##### Supplied material
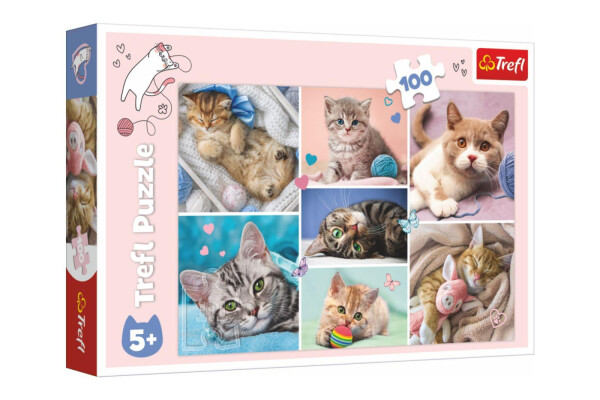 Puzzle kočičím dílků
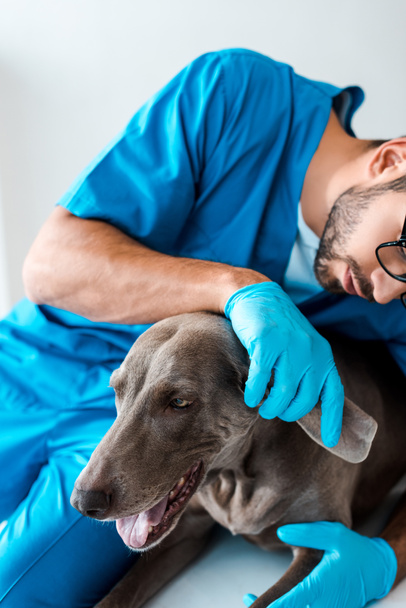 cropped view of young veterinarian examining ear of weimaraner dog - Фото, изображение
##########
##### Supplied material
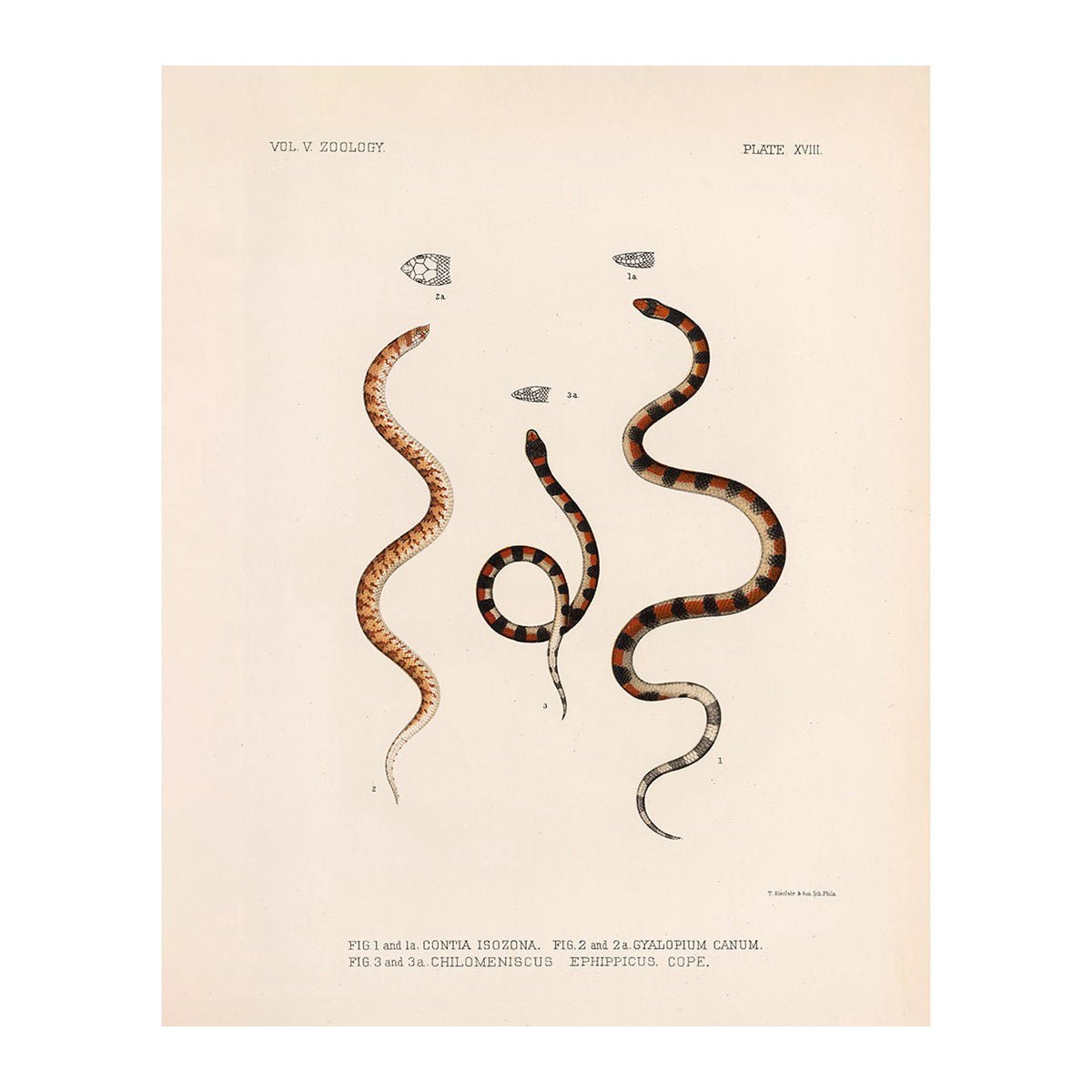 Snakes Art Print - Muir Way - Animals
##########
* [Task description] An exact copy is needed. It runs from the line above containing "Puzzle kočičím dílků" down to the line containing "cropped view of", both included, with no pictures.

* [Exercise answer]
 Puzzle kočičím dílků
 cropped view of young veterinarian examining ear of weimaraner dog - Фото, изображение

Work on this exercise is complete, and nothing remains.